To make application design simpler with repeatable development processes, BloomReach created a big data factory for the four terabytes of data it processes weekly and the 150 million consumer interactions it encounters daily.
Rogers said a successful big data factory comprises five key components:
- A set of common building blocks and tools for app development. Rogers said the Cascading app development platform allows BloomReach to access “programming libraries we’ve already written so that we can incorporate them into new apps in a fairly straightforward way and without customization.”
- A standardized infrastructure, in which data sets are stored in standard formats so that “when we are building a product, we are not starting from scratch,” Rogers said. “We already have our basic infrastructure in place.”
- A selection of monitoring tools that regularly tests the performance of systems and measures computing power usage to ensure peak performance.
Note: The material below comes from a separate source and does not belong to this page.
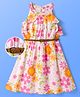 Hola Bonita Cotton Woven Sleeveless Floral Printed Dress with Belt - Multicolor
- A standardized process for debugging along with databases for ad hoc queries. Rogers said it’s not uncommon for a customer’s Web site to experience an occasional glitch. The problem, however, is that it’s often difficult to sift through files for a nugget of bad data, especially if it hasn’t been indexed. Easy-to-query databases, however, “make it easy to find information without having to open up these gigantic, 10-terabyte files and run through them,” Rogers said. “We can go in there and easily do a search and see what exactly went wrong, whether it was user error or a legitimate bug.” In turn, apps can be modified quickly and effectively without having to go back to start.
- Centralized storage for data. Storage typically comes in three forms: a shared file system that is excellent for transforming data; a key store that lets users quickly look up data using a specific key for fast analysis; and a relational database that cleans up data, converts it into a structured record, and loads it into a regular SQL database “so that users can conduct queries on any field” and play with the data, said Rogers.
Application development tools, debugging solutions, storage options – they have always been available to a big data team. But by combining data, coding, and monitoring processes into a standardized, centralized, and simplified strategy for app development, Rogers said, a big data factory can accelerate the app development process, resulting in significant savings in developer time, storage capacity, and computing power resources.